:: Task item ::
The data below should be printed in full, exactly, and without any of its images.

• • • • •

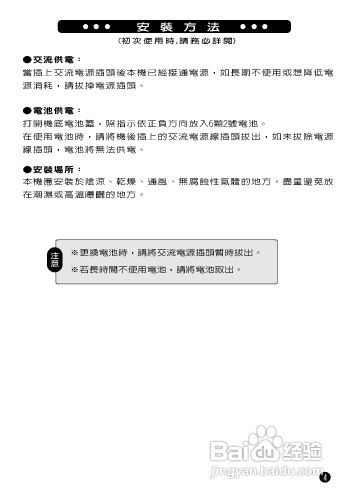 旺德电通LD-168 手提式CD音响说明书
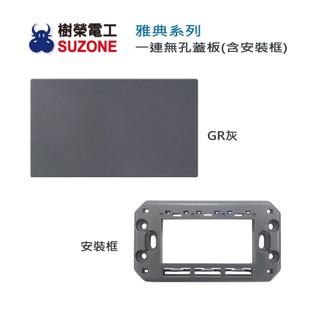【樹榮電工SUZONE】一連無孔蓋板/雅典系列AT-5791/一聯盲蓋/台灣製造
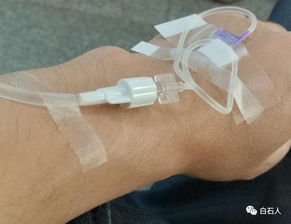 縮宮素靜脈滴注意事項(xiàng)有哪些,縮宮素靜脈滴注意事項(xiàng)簡答題,縮宮素滴注的注意事項(xiàng)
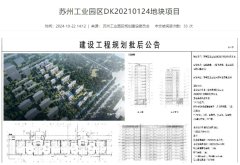 园区3字头板块或将上新！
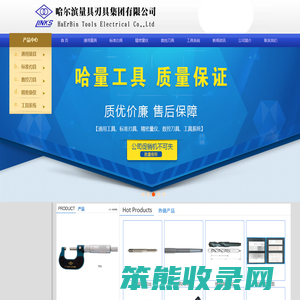 哈量集团,哈量,量具,刃具,哈尔滨量具刀具集团有限公司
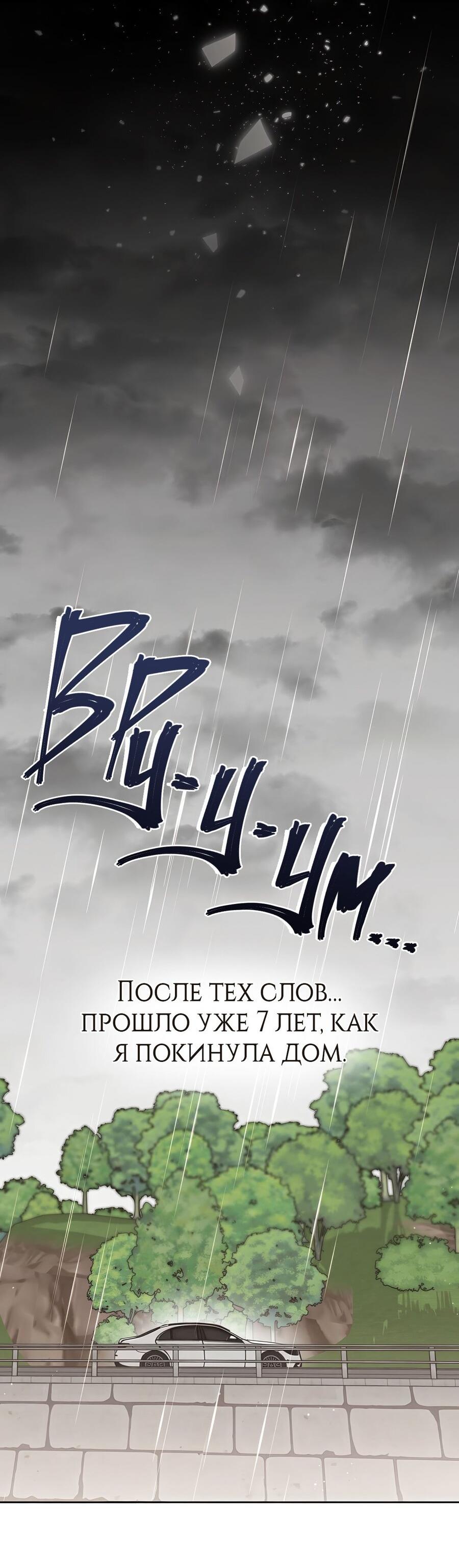 Манга Выжить, работая шеф-поваром в Ёнсангун - Глава 1 Страница 120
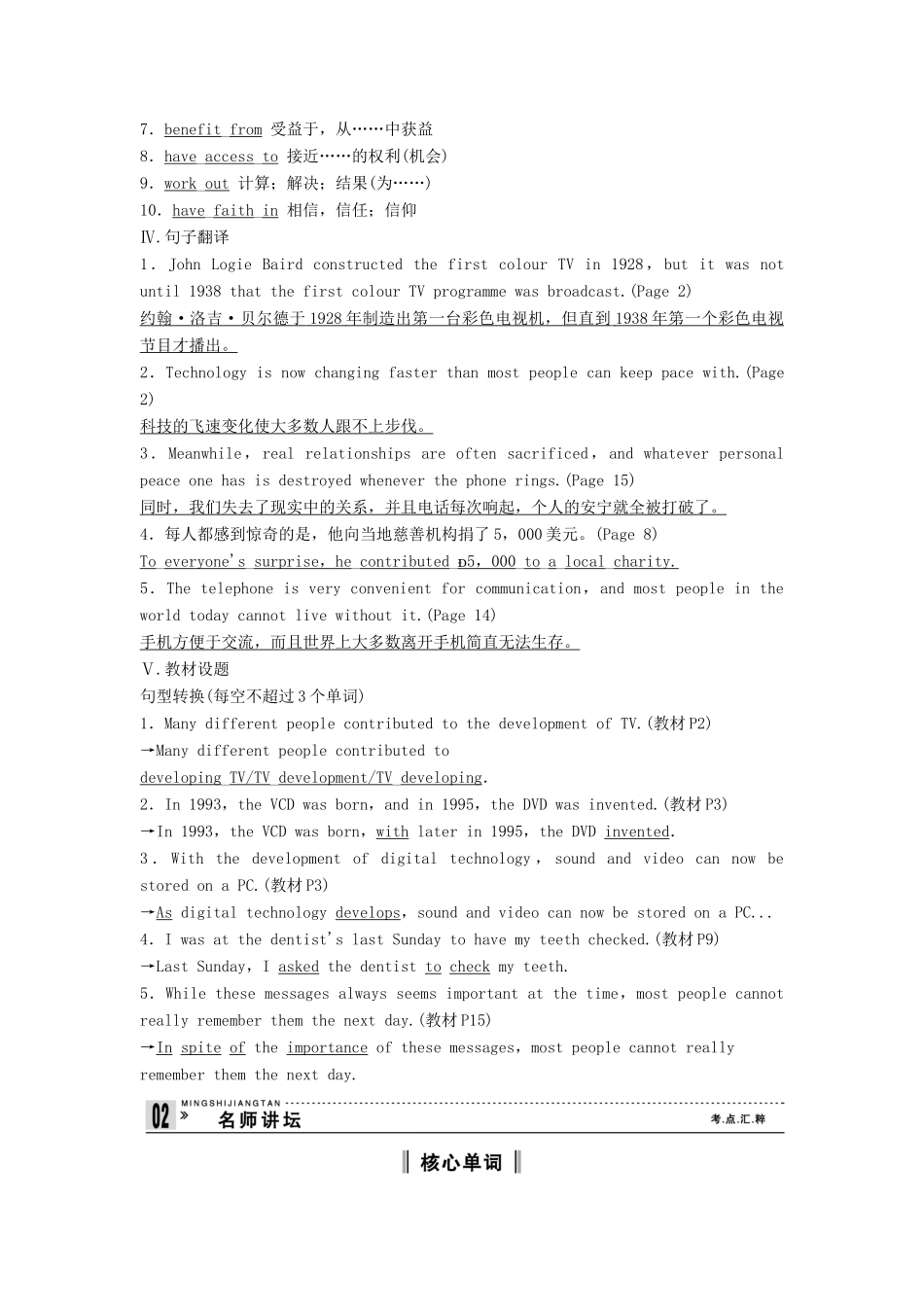 【创新设计】2013高中英语 教师用书20 Unit 1 Living with technology 牛津译林版选修7（江苏专用）_第2页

• • • • •

:: Task response ::
 旺德电通LD-168 手提式CD音响说明书
【樹榮電工SUZONE】一連無孔蓋板/雅典系列AT-5791/一聯盲蓋/台灣製造
 縮宮素靜脈滴注意事項(xiàng)有哪些,縮宮素靜脈滴注意事項(xiàng)簡答題,縮宮素滴注的注意事項(xiàng)
 园区3字头板块或将上新！
 哈量集团,哈量,量具,刃具,哈尔滨量具刀具集团有限公司
 Манга Выжить, работая шеф-поваром в Ёнсангун - Глава 1 Страница 120
 【创新设计】2013高中英语 教师用书20 Unit 1 Living with technology 牛津译林版选修7（江苏专用）_第2页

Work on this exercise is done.